My mom loved Buca Di Beppo, and her favorite dish was their Macaroni Rosa. When I was still living at home, I can remember her asking for me to make it over and over again to the point where I couldn’t even look at it anymore. My version is changed up a bit from the Buca Di Beppo version, but it’s still super delicious and hearty. One smallish serving is plenty for me since it’s filled with veggies, meat, and pasta in a creamy, cheesy tomato sauce, and I know if she was still here, she’d be asking for it tomorrow. 🙂
Here’s what you’ll need…{serves 4-6 comfortably}
- 1 pound of pasta (corkscrews, rotini, rigatoni…whatever you prefer)
- 1/2 lb. ground italian sausage (out of it’s casing)
- 1 boneless skinless chicken breast (cubed small into bite size pieces)
- 1 cup of quartered button mushrooms
- 1 cup of broccoli florets
- 1 cup of frozen peas
- 2 garlic cloves (chopped)
- 1/2 red onion (sliced thin)
- 1 can of diced tomatoes seasoned with italian herbs
- 1 15oz. jar of Bertolli brand “Four Cheese Rosa” sauce
- salt and pepper
- 2 tablespoons fresh parsley
- 1 teaspoon dried italian herbs
- olive oil
Here’s how you make it…
- Cook your pasta as per directions just short of the “al dente” stage and set aside.
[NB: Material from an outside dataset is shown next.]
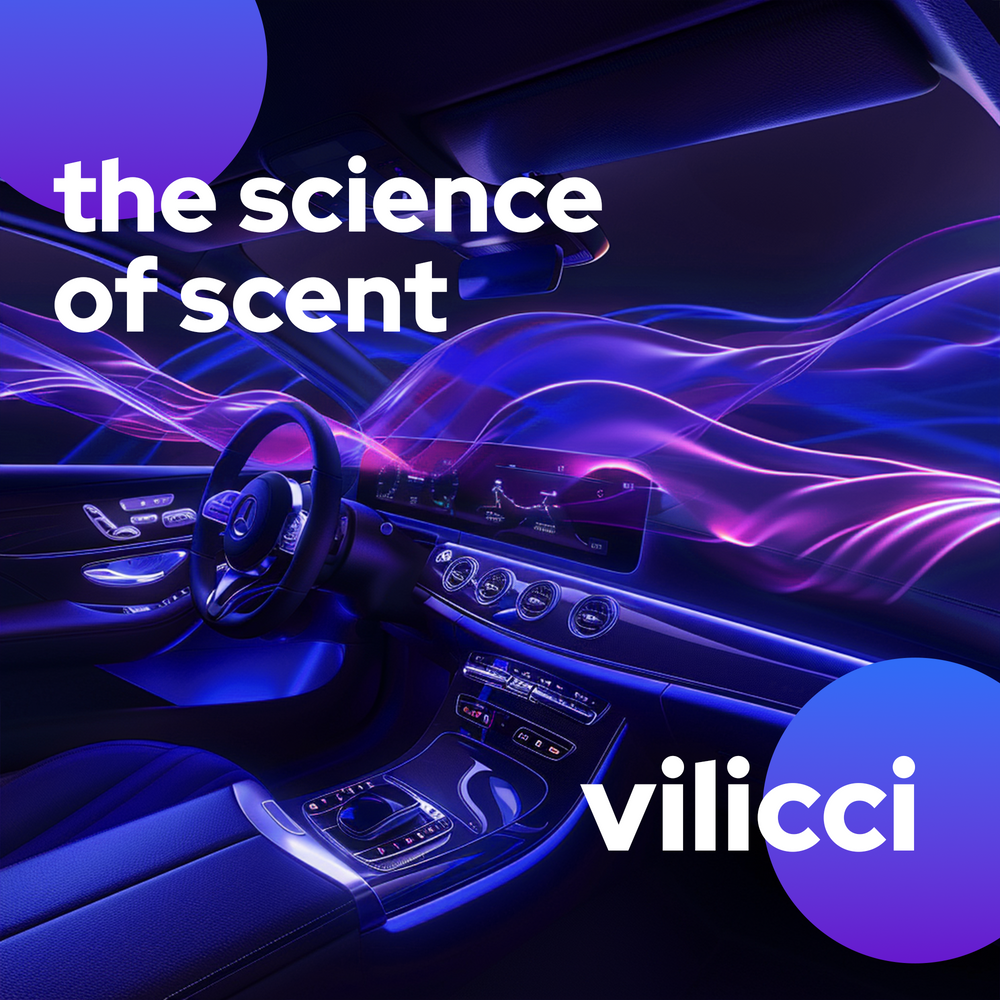 The Science of Scent: How Vilicci Enhances Your Drive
The pasta will continue to cook in the Rosa sauce.
- Drizzle olive oil into your large sauté pan and add your thinly sliced red onions and sprinkle with salt and pepper, let it cook on med-high until it begins to soften.
- Add in your ground sausage and chicken (cubed), mixing frequently to break up the sausage as it cooks. Add in your chopped garlic, and sprinkle with salt and pepper.
- Once meats are completely cooked, add in your mushrooms and broccoli, add 1 teaspoon italian herbs and stir together, let cook for 3 minutes
- Now add your jar of sauce, and canned tomatoes with juice (don’t strain) go ahead and throw in your frozen peas too
- Stir everything together, lower heat to medium and cover your pan for 5 minutes.
- Add in your pasta to the sauce, and chopped fresh parsley and toss together, continue to cook for an additional 2-3 minutes until pasta is al dente then serve hot.
I hope you all have a wonderful and very Happy Mother’s Day– whether your mom is here or in spirit like mine, I hope you’ll find a way to celebrate her in some way. 🙂 This super easy one pot Pasta Rosa makes me smile every time I make it. It reminds me so much of my mom, and how happy she was when I made it. I hope you love it just as much as she did 🙂
Talk to you soon friends, take care!